BACAMALANG.COM – Sebanyak 20 guru TK hingga SMA Plus Al-Kautsar Malang mengikuti pendampingan dari Tim Pengabdian kepada Masyarakat Fakultas Ilmu Sosial dan Ilmu Politik Universitas Brawijaya (FISIP UB). Program ini bertujuan membangun ruang belajar yang aman, setara, dan peka terhadap keberagaman.
Kegiatan bertajuk “Guru Tangguh, Sekolah Damai: Pendampingan GCED-ISRA untuk Mencegah Hate Extremism” digelar pada Selasa (5/8/2026). Pendampingan dipimpin dosen Program Studi Hubungan Internasional FISIP UB, Yusli Effendi, S.IP., M.A.

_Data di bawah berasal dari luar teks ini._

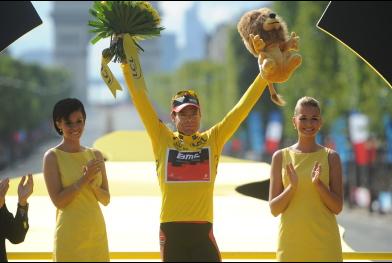 Cadel Evans é o grande vencedor do Tour de France 2011 / Foto:  Presse Sports/B.Papon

Program ini merupakan bagian dari pengabdian masyarakat FISIP UB tahun 2026. Pendekatan Pendidikan Kewargaan Global atau Global Citizenship Education GCED dipadukan dengan Islam Rahmatan Lil ‘Alamin (ISRA) untuk menumbuhkan empati, tanggung jawab sosial, moderasi, toleransi, dan budaya damai.
“Keragaman bukan sumber jarak, tetapi peluang belajar yang perlu dikelola secara adil dan terbuka,” ujar Yusli saat membuka kegiatan.
Kegiatan diawali dengan pra-test untuk memetakan pemahaman guru mengenai GCED, ISRA, toleransi intraagama, literasi digital, dan ekstremisme kebencian. Selanjutnya Yusli menyampaikan materi “Beda, Setara, Belajar: Pendidikan Karakter dan Keragaman di Sekolah Indonesia” yang dikaitkan dengan pengalaman guru dalam mengelola pembelajaran dan interaksi antarsiswa.
Peserta juga dikenalkan pada pendekatan Pendidikan Kewargaan Global Kritikal atau Critical Global Citizenship Education (GCED). Melalui pendekatan ini siswa diajak menelaah fakta, mengenali prasangka, memahami akar ketidakadilan, dan menyusun tindakan yang bertanggung jawab.
Sesi khusus diberikan untuk literasi digital. Para guru dibekali cara membimbing siswa membedakan data, opini, stereotip, disinformasi, dan ujaran kebencian, terutama pada isu agama, identitas, dan konflik global. Siswa juga dilatih mencermati klaim, sumber, bukti, motif, dan peran algoritma sebelum meneruskan konten di media sosial.
Setelah pemaparan dan tanya jawab, peserta dibagi menjadi empat kelompok diskusi. Mereka membahas empat isu utama: perbedaan mazhab dan toleransi intraagama, stereotip serta pelabelan di sekolah, disinformasi keagamaan dan konflik global di media sosial, serta strategi menciptakan diskusi kelas yang aman dan inklusif.
Setiap kelompok memetakan bentuk masalah, akar penyebab, media penyebaran, dan dampaknya terhadap pembelajaran. Dari hasil diskusi, guru menyusun rencana tindak lanjut yang memuat tujuan pembelajaran, aktivitas guru dan siswa, prinsip GCED-ISRA, risiko yang diantisipasi, serta indikator keberhasilan. Hasilnya kemudian dipresentasikan dan mendapat umpan balik dari fasilitator.
Yusli menegaskan guru memiliki peran strategis sebagai penyampai pengetahuan, fasilitator dialog, pengelola isu sensitif, sekaligus teladan etis bagi siswa. “Guru perlu punya metode yang apik dan asik agar siswa bisa membahas perbedaan secara kritis tanpa saling menghakimi,” tegasnya.
Kegiatan ditutup dengan postes, refleksi, dan penyampaian komitmen tindak lanjut. Tim FISIP UB juga menyerahkan modul edukasi GCED-ISRA dan perangkat rencana aksi kelas yang dapat digunakan kembali. Modul tersebut memuat pengantar GCED dan ISRA, toleransi intraagama, etika dialog, literasi digital, studi kasus, serta rancangan aktivitas pembelajaran.
Melalui pendampingan ini, FISIP UB berharap para guru dapat terus merawat sekolah sebagai ruang aman bagi siswa untuk mendengarkan, memeriksa informasi, menghargai perbedaan, dan menyelesaikan persoalan tanpa kekerasan.